● Prompt:
Search the records for the line with "Hello everyone! Thanks". Output that line and each line after it, exactly, and stop at the end; omit pictures.

● Entries supplied:
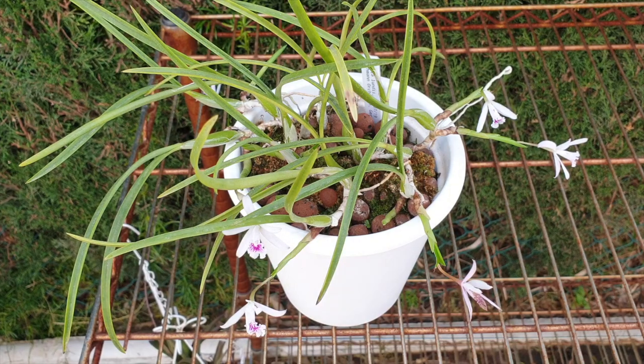Speaking of active growth and an orchid in bloom, there are certain orchids that will bloom while the growth has not even fully matured yet. One of those examples is my Lelia lundii here — another example would be a Zygopetalum. In their growth habit they bloom while the growth is actually growing at the same time and is not mature. So in this example you would also have to be wary about fertilizing an orchid that does that.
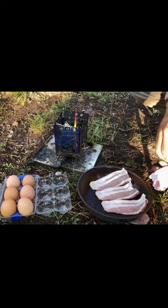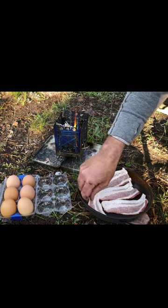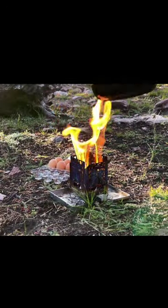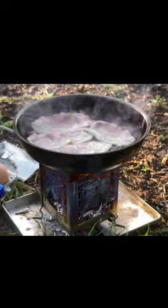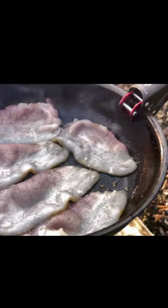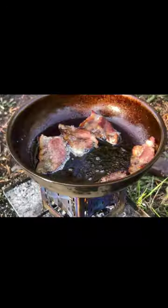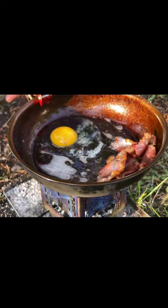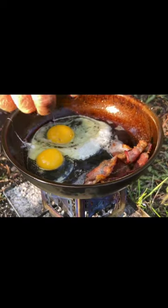We'll put all the fatty ends in the middle and put the more lean parts up on the edges. Next, we'll mix it with salt.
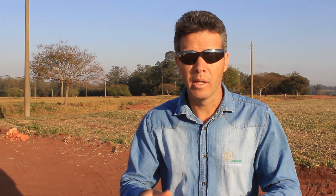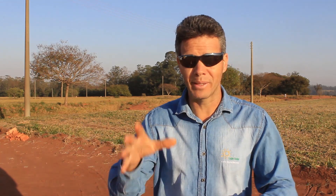E agora eu vou mostrar rapidinho eu fechando a frente da obra com o tapume. Estamos dentro de um condomínio e nesse condomínio existem algumas exigências. Uma das exigências é fechar a frente da obra com o tapume metálico. Então veja as imagens aí — eu já fechei, rapidinho fechei. Bem rápido eu vou mostrar pra vocês, dá uma olhada.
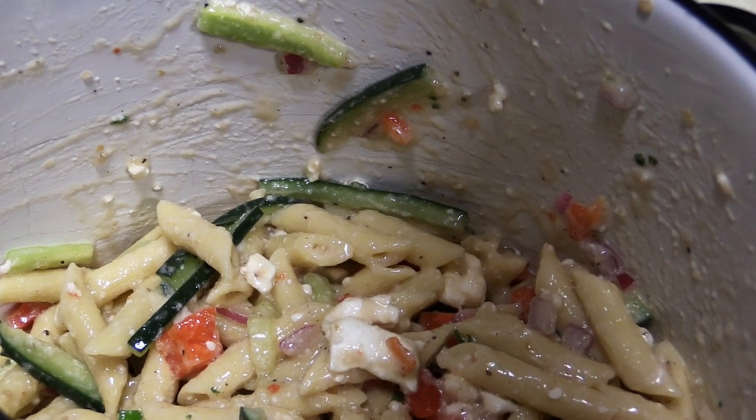I like the way you Julienned the zucchini in that pasta salad — that's pretty cool. I used one of your knives, Uncle Bill. The last one down has to do the blessing. Hope it tastes good.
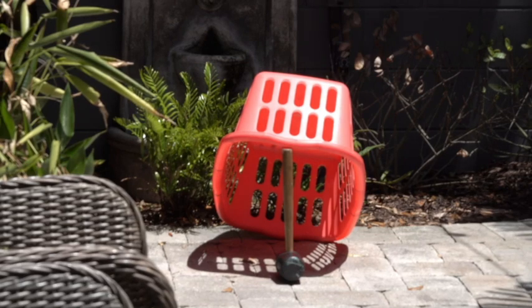That would be one point, and then if you knock the laundry basket over with the ball inside of it, that's three points.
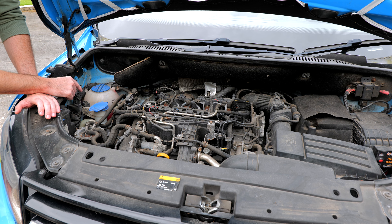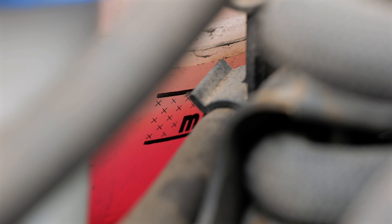This is the tank here, and what you want to check is that the coolant is in between the minimum and maximum line. You want to do this on level ground.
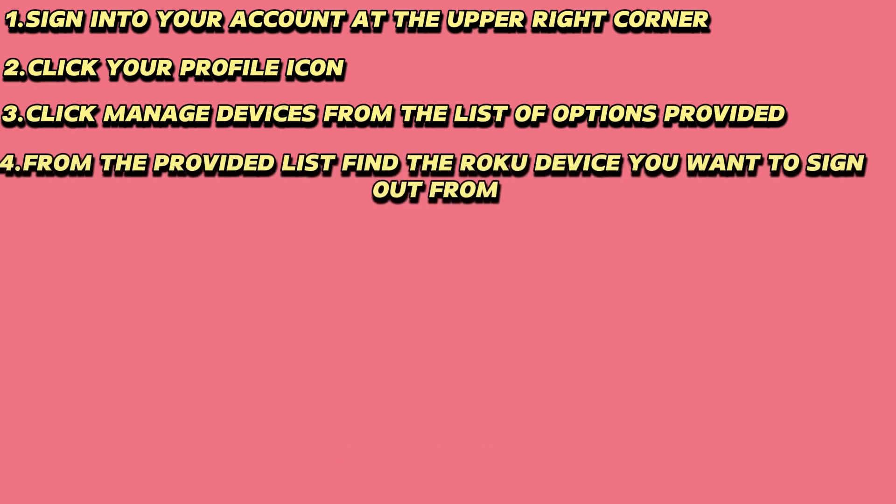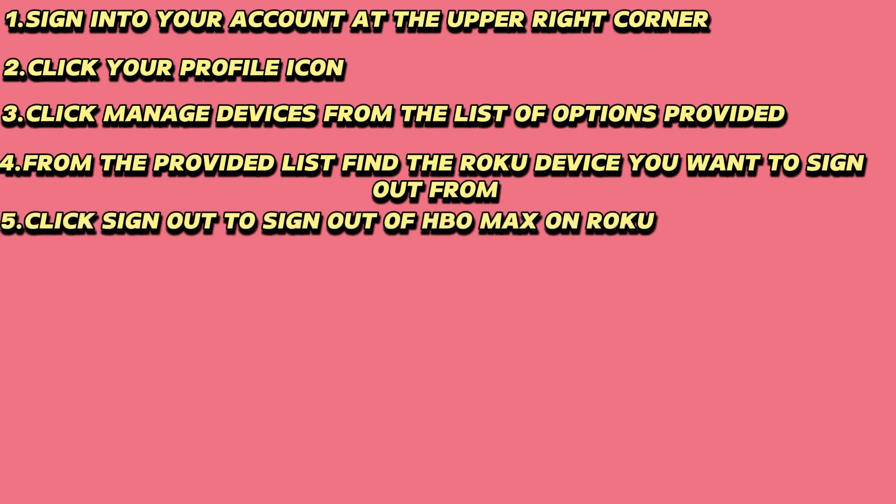From the provided list, find the Roku device you want to sign out from. Click Sign Out to sign out of HBO Max on Roku.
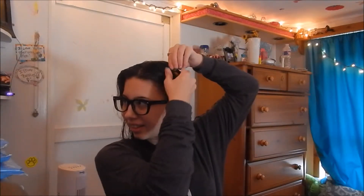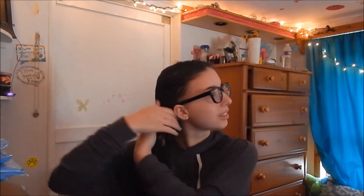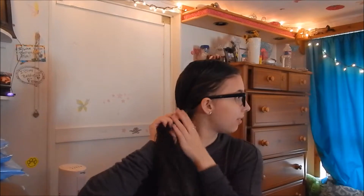I'm actually going to use this kind of clip because the other ones weren't staying in my hair. Sometimes I have to use two of these to make it stay, so if you need two you can do that. Now I'm just going to twist the other side the same way I did the first.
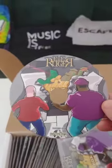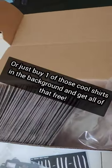Look at that. Yeah man, 10 bucks you get one of these — some of these — and a download card once they get here.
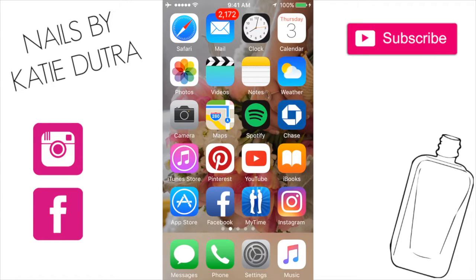Hello everyone! Thanks for tuning in. This is Katie. I am just going to make a quick video here on how I edit my Instagram nail pictures.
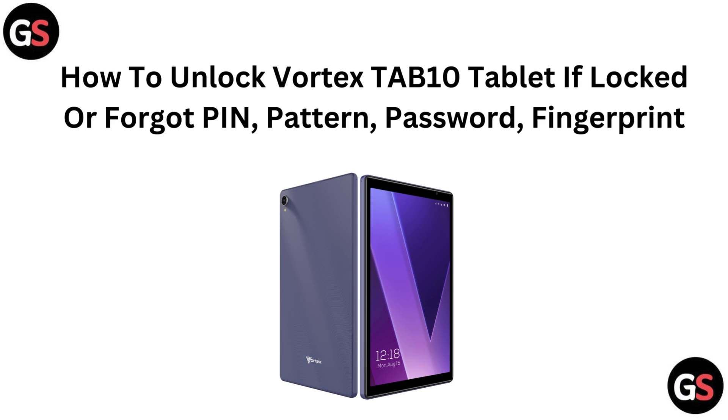Hello everyone, if you are locked out of your Vortex TAB10 tablet and can't recall your PIN, PATTERN, PASSWORD, or FINGERPRINT, don't worry. In this video, we will guide you through the steps to unlock your tablet and get back to using it. Let's dive in.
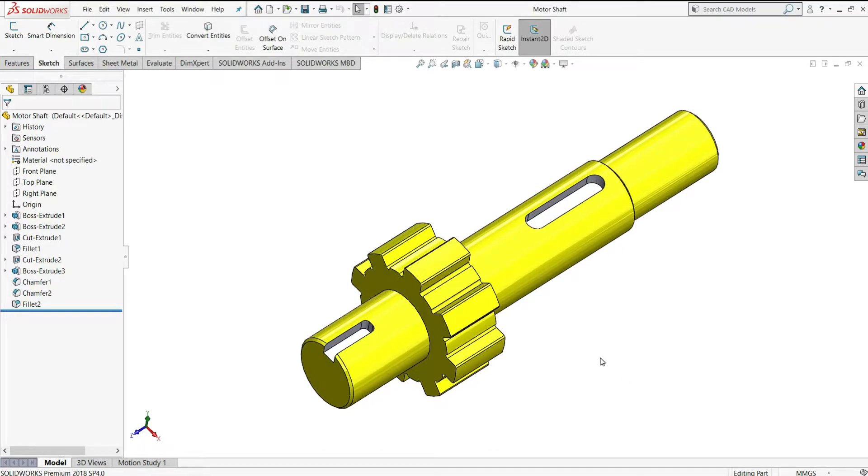Welcome to Inflipicad. In this tutorial we will design a simple motor shaft in SOLIDWORKS. So let's get started.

● Written solution:
Hello everyone! Thanks for tuning in. This is Katie. I am just going to make a quick video here on how I edit my Instagram nail pictures.
Hello everyone, if you are locked out of your Vortex TAB10 tablet and can't recall your PIN, PATTERN, PASSWORD, or FINGERPRINT, don't worry. In this video, we will guide you through the steps to unlock your tablet and get back to using it. Let's dive in.
Welcome to Inflipicad. In this tutorial we will design a simple motor shaft in SOLIDWORKS. So let's get started.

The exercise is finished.